WORK REQUEST
Below are entries. Give back exactly the lines from the one containing "Ніжне нарізне дошка" through the one containing "Chaussures casual homme", inclusive, without the pictures.

EXERCISE DATA
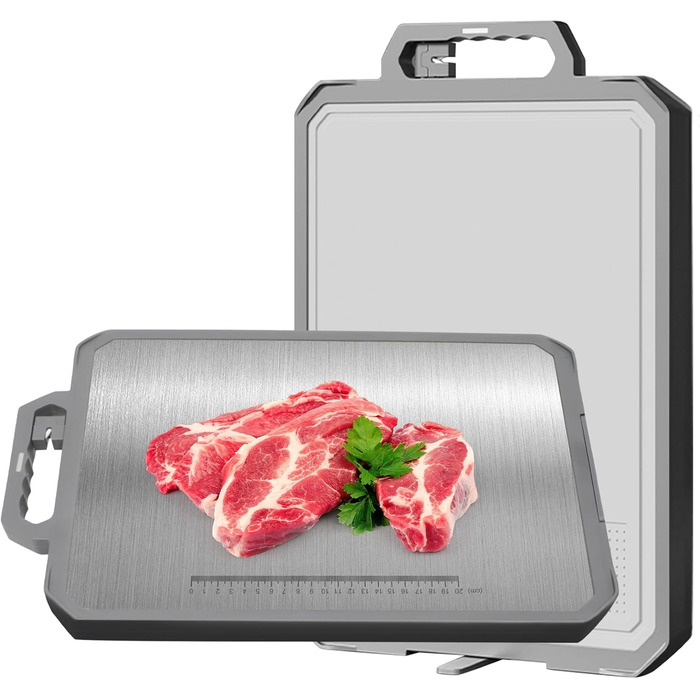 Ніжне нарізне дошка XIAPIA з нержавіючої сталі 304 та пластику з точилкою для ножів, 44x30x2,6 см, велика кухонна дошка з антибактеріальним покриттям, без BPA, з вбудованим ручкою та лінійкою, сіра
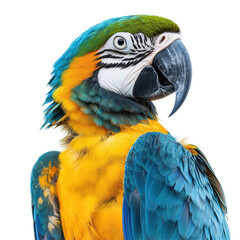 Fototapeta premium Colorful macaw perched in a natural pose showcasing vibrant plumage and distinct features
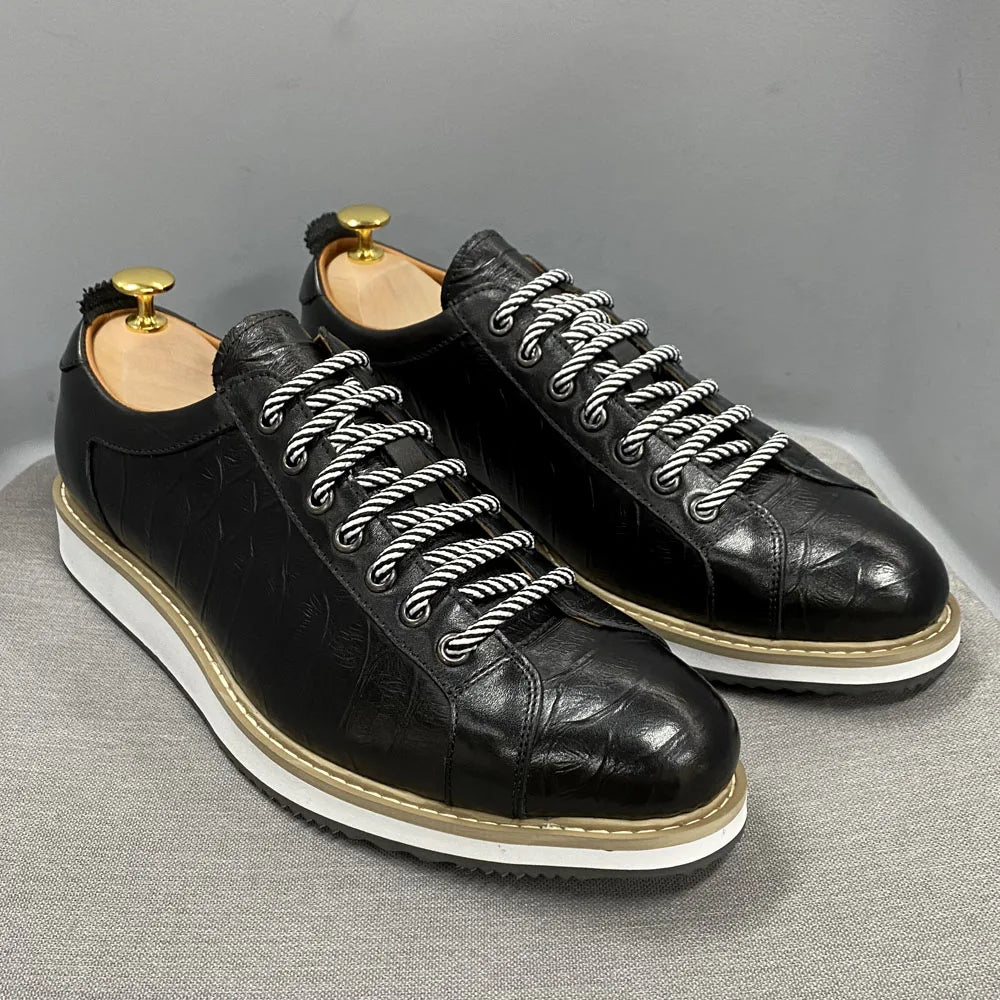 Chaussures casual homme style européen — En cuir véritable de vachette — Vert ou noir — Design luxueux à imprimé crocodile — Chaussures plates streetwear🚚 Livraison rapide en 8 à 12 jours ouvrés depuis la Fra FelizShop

==

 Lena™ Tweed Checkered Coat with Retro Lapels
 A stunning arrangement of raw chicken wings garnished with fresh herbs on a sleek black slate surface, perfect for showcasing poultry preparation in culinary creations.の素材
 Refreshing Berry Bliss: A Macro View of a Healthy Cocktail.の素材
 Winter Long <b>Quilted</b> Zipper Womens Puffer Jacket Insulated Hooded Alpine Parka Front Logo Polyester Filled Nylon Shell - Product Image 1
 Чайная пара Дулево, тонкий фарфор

ANSWER SPACE
 Ніжне нарізне дошка XIAPIA з нержавіючої сталі 304 та пластику з точилкою для ножів, 44x30x2,6 см, велика кухонна дошка з антибактеріальним покриттям, без BPA, з вбудованим ручкою та лінійкою, сіра
 Fototapeta premium Colorful macaw perched in a natural pose showcasing vibrant plumage and distinct features
 Chaussures casual homme style européen — En cuir véritable de vachette — Vert ou noir — Design luxueux à imprimé crocodile — Chaussures plates streetwear🚚 Livraison rapide en 8 à 12 jours ouvrés depuis la Fra FelizShop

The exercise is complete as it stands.